O quanto a liderança, a filosofia e a coragem de um indivíduo podem influenciar políticas tensas como as de segurança pública depende do momento político e de uma série de fatores externos, sobre os quais ele terá provavelmente pouco controle. Demonizado pela batalha ideológica que se desenrolou dentro da polícia militar nos anos 1980 e 1990, Cerqueira foi homenageado e enaltecido pela mesma instituição em 2010, quando a PM comemorava seu ducentésimo aniversário e os partidários do coronel haviam galgado posições de responsabilidade na hierarquia policial. […]

A questão inevitável para aqueles que hoje desenham políticas de segurança pública é: qual o significado e extensão potencial da liderança de um indivíduo para promover mudanças de longo prazo de modo geral e no Rio de Janeiro, especificamente? Deve-se esperar o tempo necessário para que novas gerações assumam o poder e, mais uma vez, se sensibilizem com as questões da segurança cidadã? Ou será que os atores da sociedade civil devem fazer pressão sobre as autoridades governamentais?
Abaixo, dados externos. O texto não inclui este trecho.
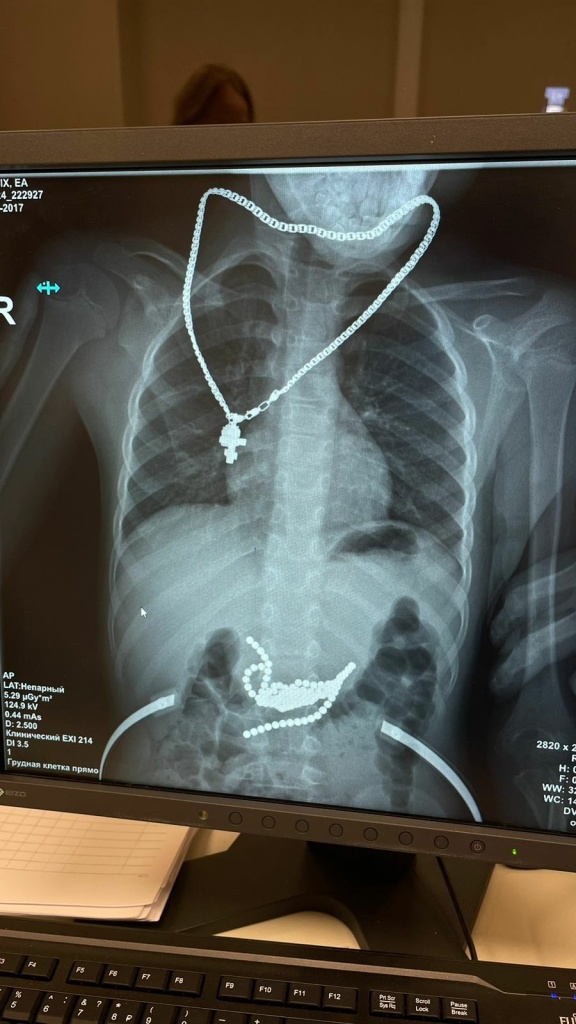 Рентген.jpg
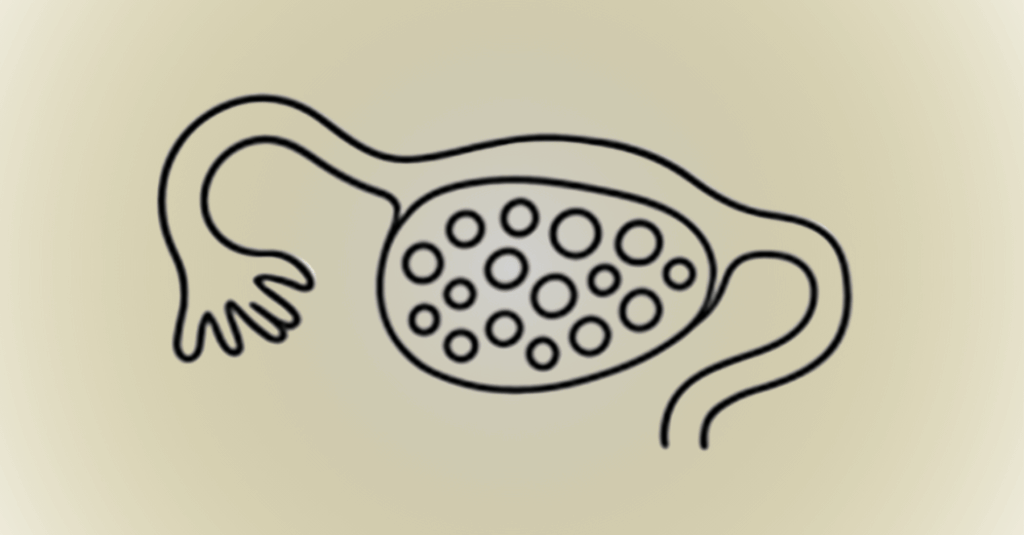 PCOS_illusztráció 02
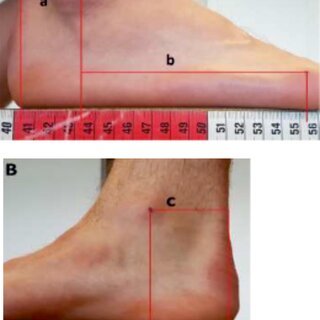 heidi dalsgaard sorensen feet 6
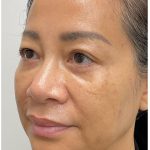 Nouvaderm Before & After Patient #3997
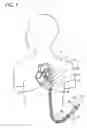 Fig. 02 - Catheter Drug Delivery System and Method for Use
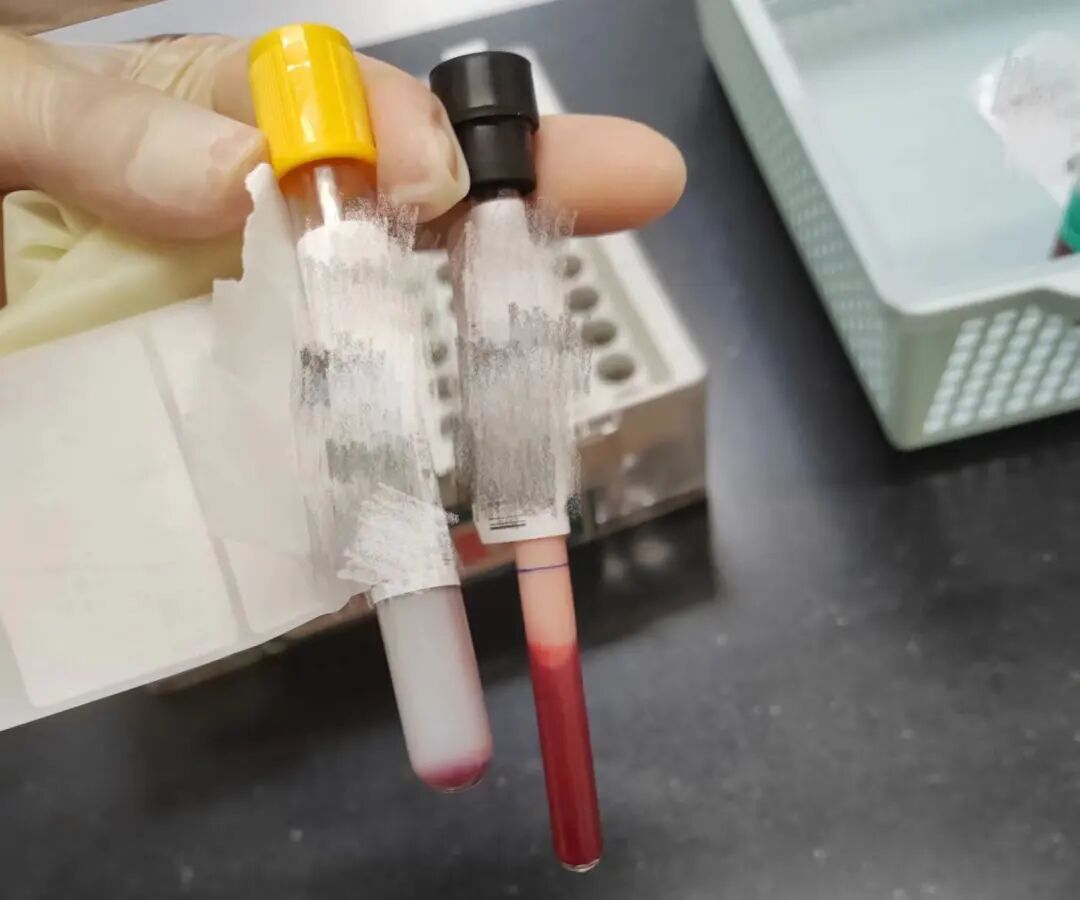 沃芬血气分析仪怎么样【东医技术】糖尿病的致命一击  重症医学科医疗团队为生命“守门”_https://www.jmylbn.com_新闻资讯_第3张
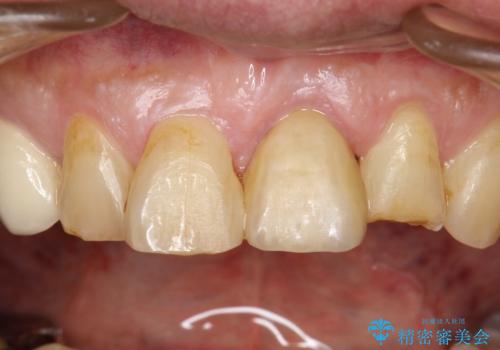 折れた前歯を使えるように、抜かないで残す方法の治療後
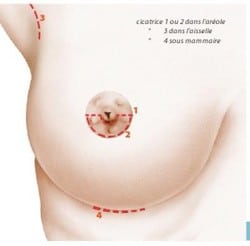 Les différentes cicatrices lors d'une augmentation mammaire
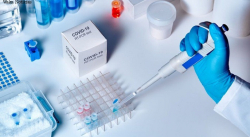 VENEZUELA SUMÓ 1.086 NUEVOS CASOS Y 8 DECESOS POR COVID-19 DURANTE LAS ÚLTIMAS 24 HORAS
Seriam as variáveis históricas e políticas específicas do Rio de Janeiro que tornaram essa mudança tão passageira?

Ficou claro a partir de um exame dos diversos esforços de implantação de políticas moldadas nas crenças de Cerqueira nos últimos trinta anos – incluindo, por exemplo, os novos paradigmas de formação policial e o policiamento comunitário – que a memória institucional não desaparece por completo, apesar das dificuldades; e aquilo que tiver valor em um determinado momento histórico acabará reaparecendo quando o próximo contexto político permitir.
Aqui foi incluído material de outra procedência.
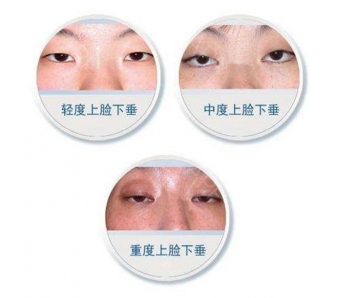 腰很粗肚子上有很多肉怎么瘦下来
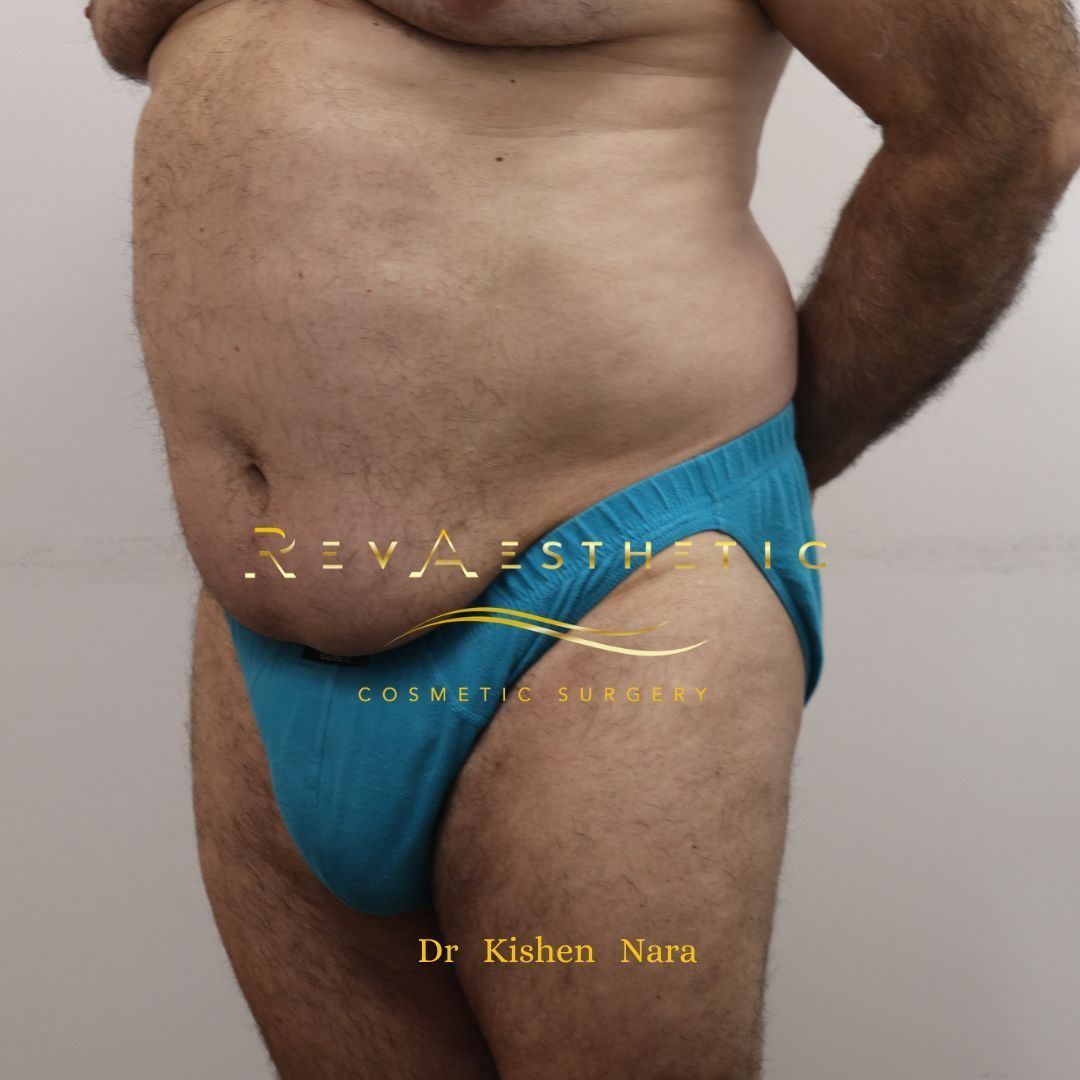 Lipo 360 in Melbourne including Richmond and Beaumaris 6 weeks after surgery by Dr Kishen Nara
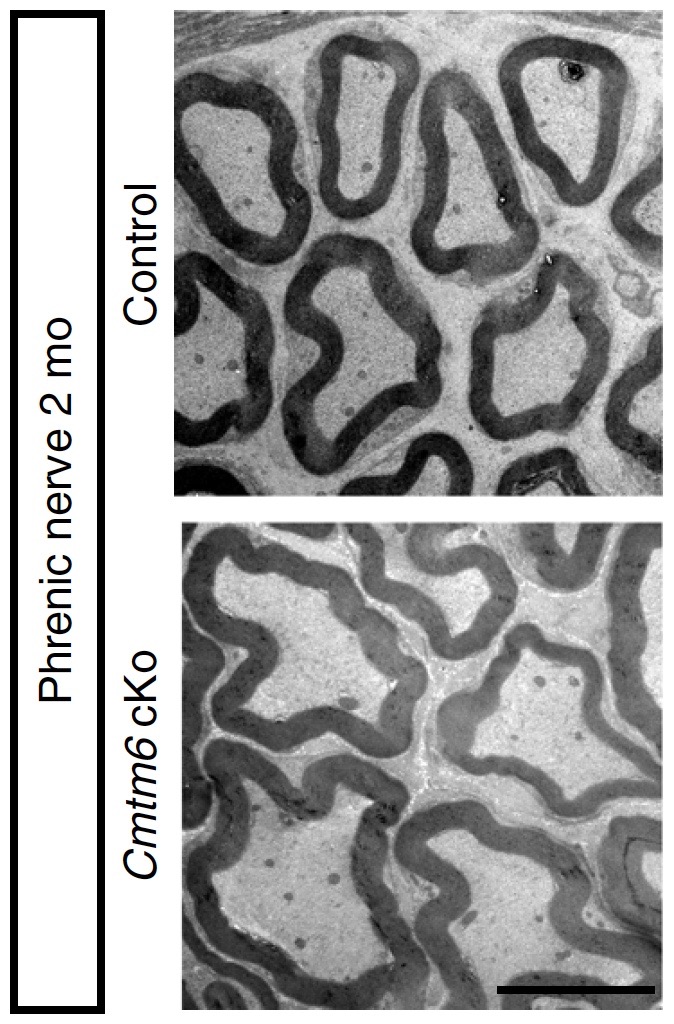 5/10 At the department of  #Neurogenetics  @maxplanckpress, we deleted the gene encoding CMTM6 in SCs of mice. Much to our surprise we found in various peripheral nerve types considerably larger diameters of axons, both myelinated and non-myelinated.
Apesar das mudanças que o coronel Cerqueira tentou implantar na PM do Rio de Janeiro, reformando-a para convertê-la em um órgão a serviço da sociedade, afastando-a da ideologia da militarização, ele nunca tentou mudar a estrutura básica, hierarquicamente militarizada, da instituição, devido às limitações políticas e constitucionais da época. A pergunta que permanece em aberto é se esforços como os de Cerqueira, em prol de uma reforma ampla, poderiam ser adotados de forma permanente sem qualquer mudança estrutural […].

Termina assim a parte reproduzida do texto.